The Nation is a great magazine. It’s been around since 1865, with a firm grip and clear view. I started reading it in college in 1985. Highly recommended for all of my progressive friends.

want some cheese with that swine?

… or, a pig in a post …

Hyping swine flu isn’t really healthy – Los Angeles Times:

“While most news outlets strive mightily to strike the right balance — spreading information about a public health concern, while tamping down alarm — others seem to have a congenital inability to tell this story with precision or proportion.”

Fox News is the worst. I wouldn’t believe Faux Snooze if they said the sun was rising, and it was morning. They suck. But they’re not alone in such defects of character.

OK, that’s too many porcine posts in procession. I promise no more.


Journalism is publishing what someone doesn’t want us to know, the rest is propaganda.

-Horacio Verbitsky, journalist (b. 1942)

At first glance, my response to this is well, that’s a little bit narrow, maybe even cynical. Then I pondered it a while and decided it just might be true. Especially if you think of journalism as being essentially investigative, leaving out things like sports and storm damage.

Your reaction?

mother jones, kiss my blog

I’m cheesed off at Mother Jones magazine.

Tonight, I watched Extreme Makeover Home Edition, as I often do on Sunday night. It was pretty cool. They built a home for a family in Vermont with a very disabled two year old kid. And as always, they did a great job. Beautiful house.

Not 2 minutes later, I open an email from Mother Jones about how bad and nasty the show is, how tasteless and crass because they go overboard in building stuff for people that’s too nice. No kidding, I’m not making it up. Moronic.

A few people try to make a difference for others. I don’t care what their motivations are, or what they get out of it, or how much or little they give relative to what they have. As far as I’m concerned, if you’re involved in making the world better for anyone besides yourself — better in any way when the sun sets than when the sun came up — you get an A+. Automatically, top of the class.

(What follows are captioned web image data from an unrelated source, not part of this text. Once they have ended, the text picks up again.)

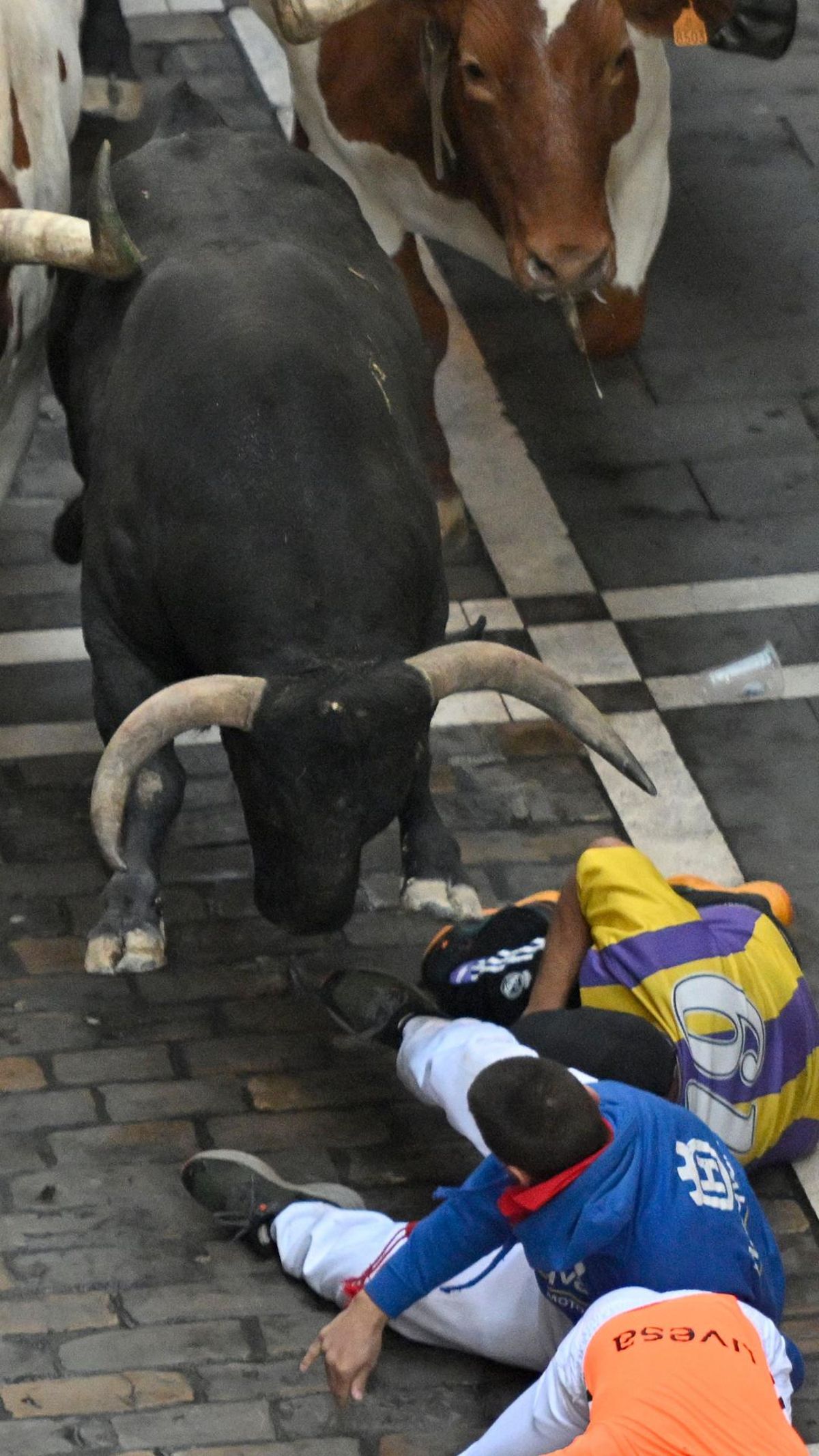 Octavo y último encierro de San Fermín con toros de la ganadería Miura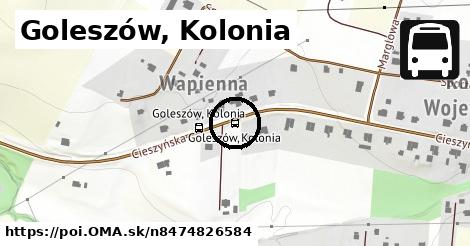 Goleszów, Kolonia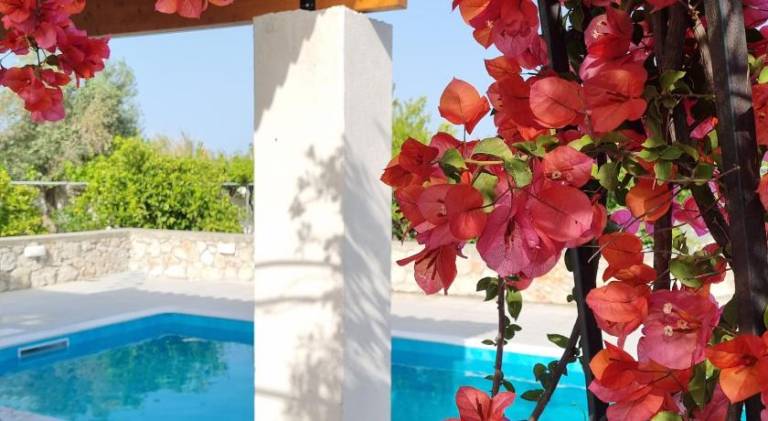 House with pool | Pets are welcome in Rhodes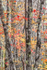 COLOUR - WEEK #42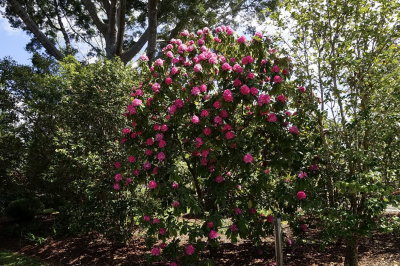 Botanical Gardens Queens Park Toowoomba 1/10/2020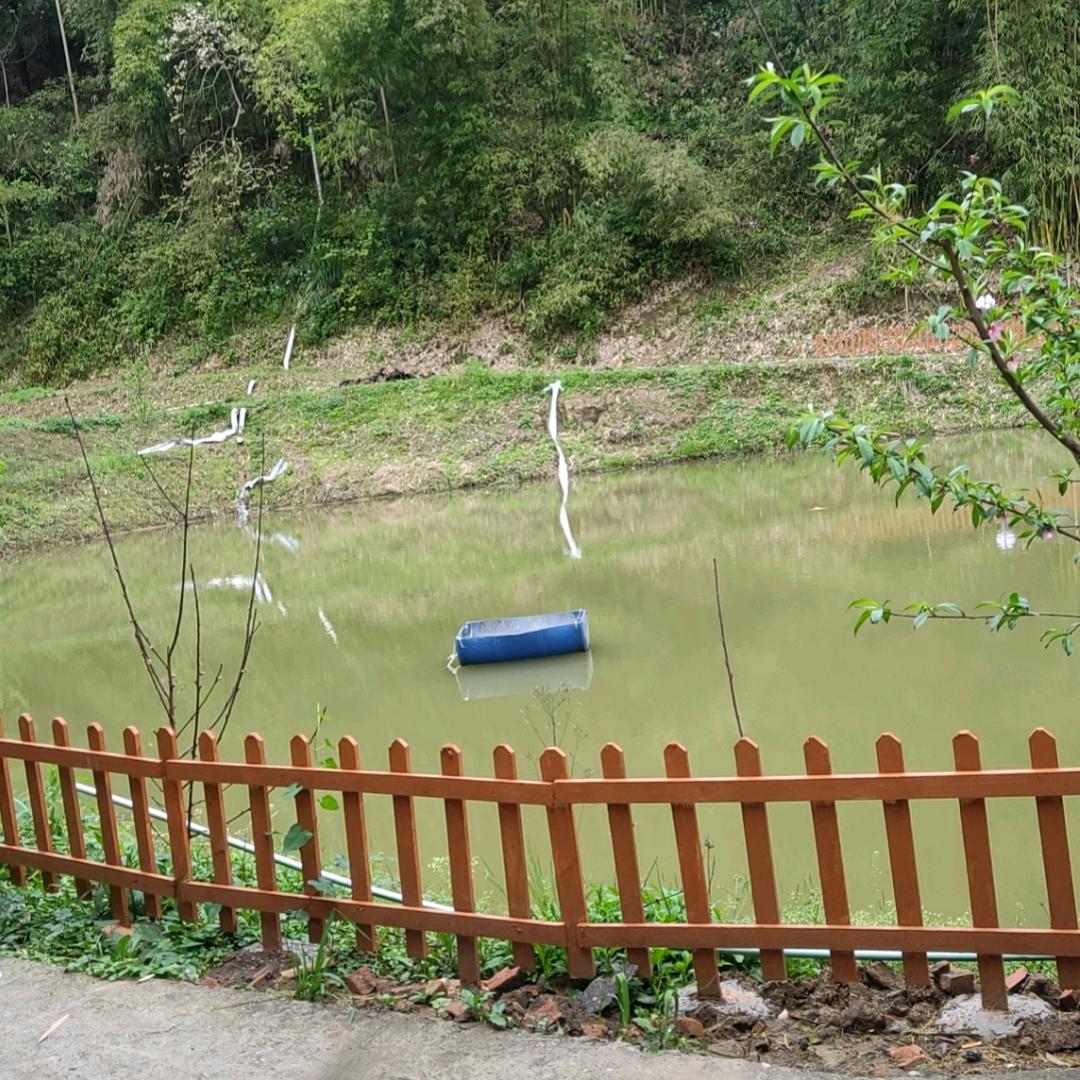 开心快乐8845894594992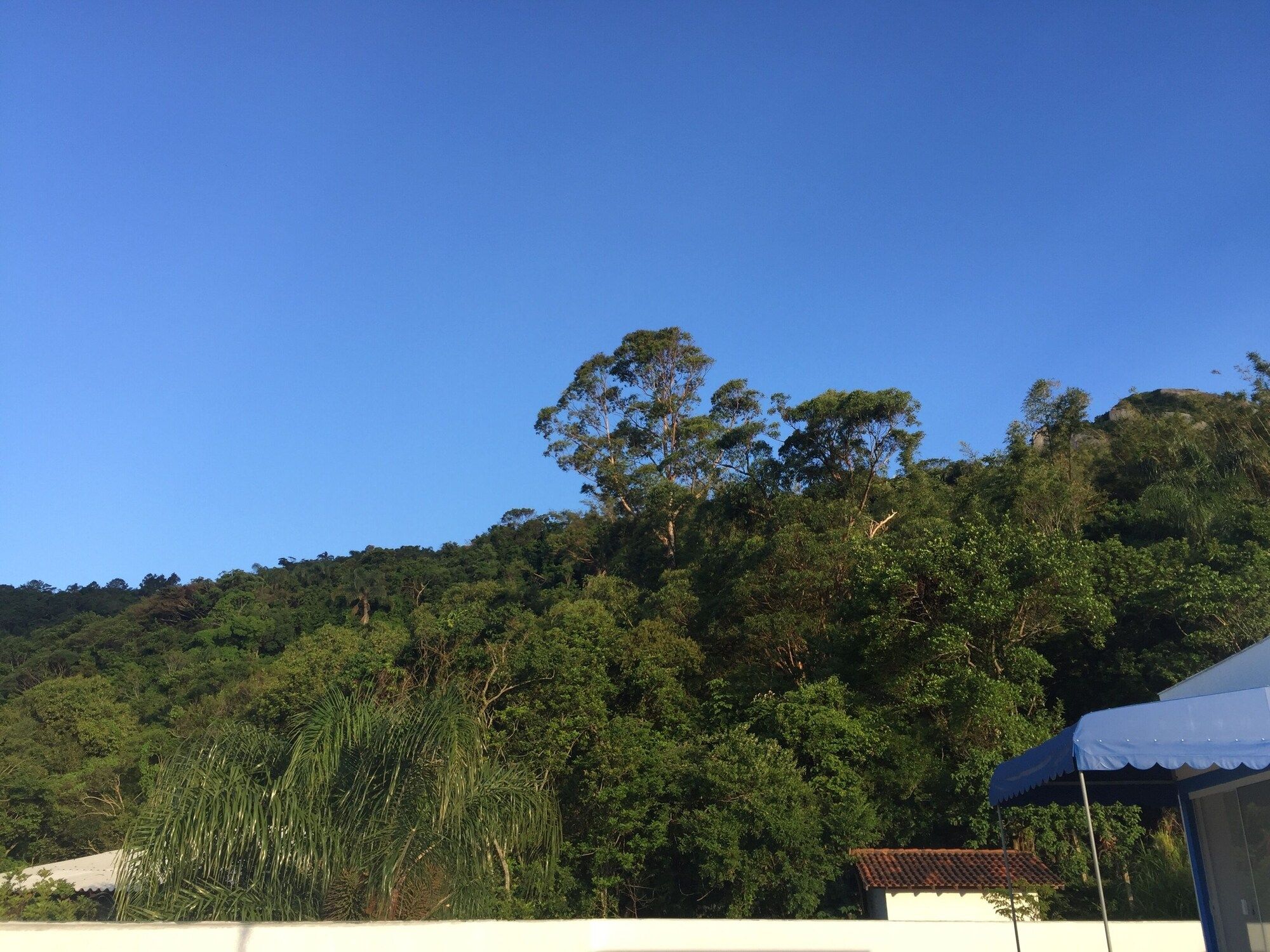 屋外の景色 写真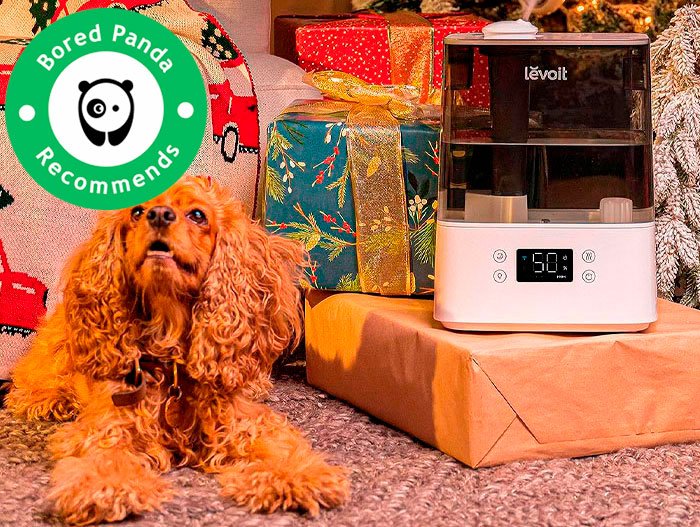 A brown dog sitting near presents and the humidifier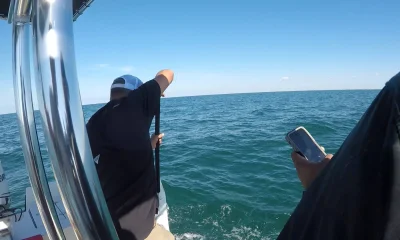 Bay Pines Report Video 0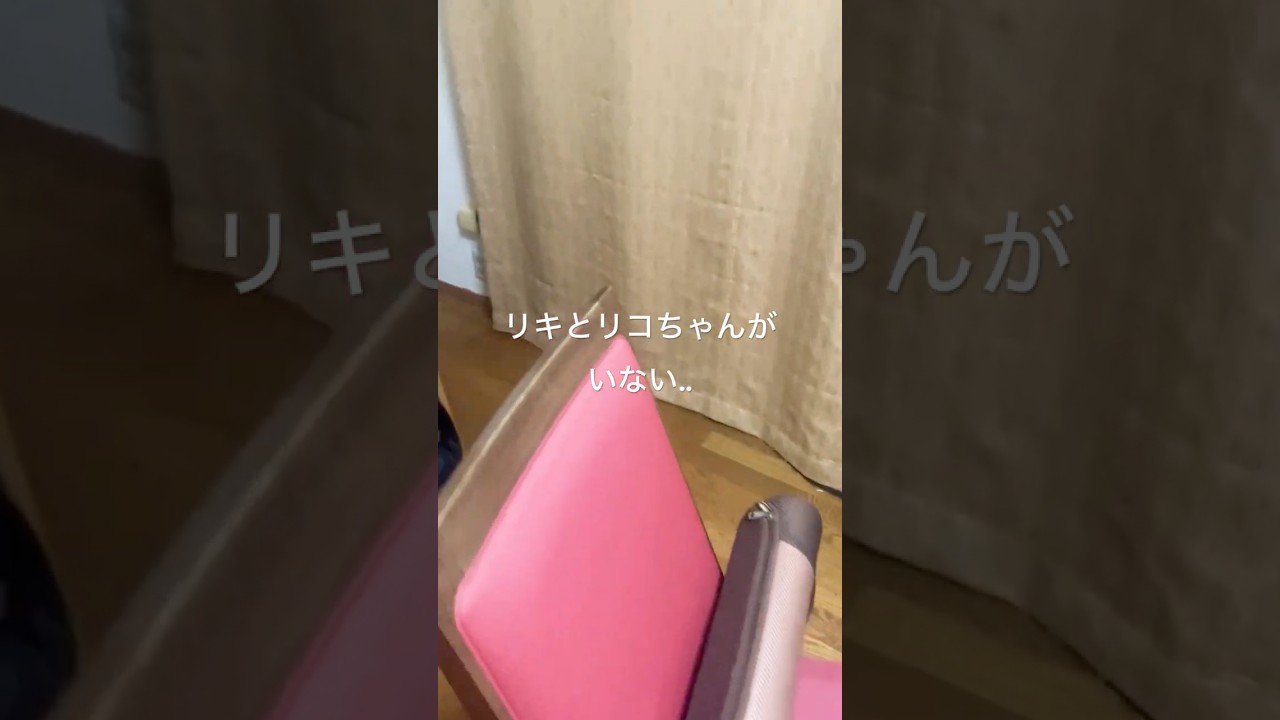 【観察記録】再会6日目#親子猫#ノルウェージャンフォレストキャット #母猫#いつも一緒#猫のいる暮らし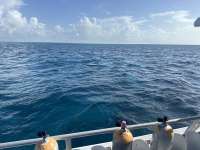 Great day of scuba diving in Key Largo with Rainbow Reef on molasses reef tropical serenity 2024 07 03 r15973 1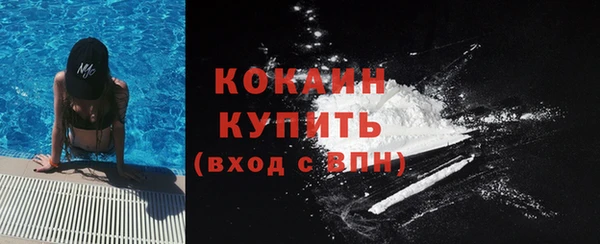 соль ск Новодвинск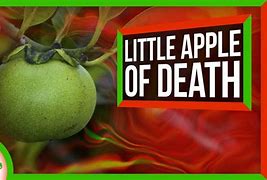 Image result for Little Apple of Death Blister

Because most people don’t do anything to help anyone else. They just sit there, not giving a wet slap. They get a C. You don’t have to care, but you just get to pass.

Some people steal and hurt and even kill others. They get a D-, right? There’s still some hope of reform.

If you want an F in my book, just sit there on your fat butt and do nothing except badmouth somebody who does good. Tell me they could give more, or differently, or question their motives. That’s how you really piss me off. Criticize someone who gives something away; stuff or money or time or anything.

Oh, it makes me mad. I could go on all night. I think I’ll make some tea and try to calm down.

Y’all don’t be sending me any links to Mother Jones, thank you kindly anyway.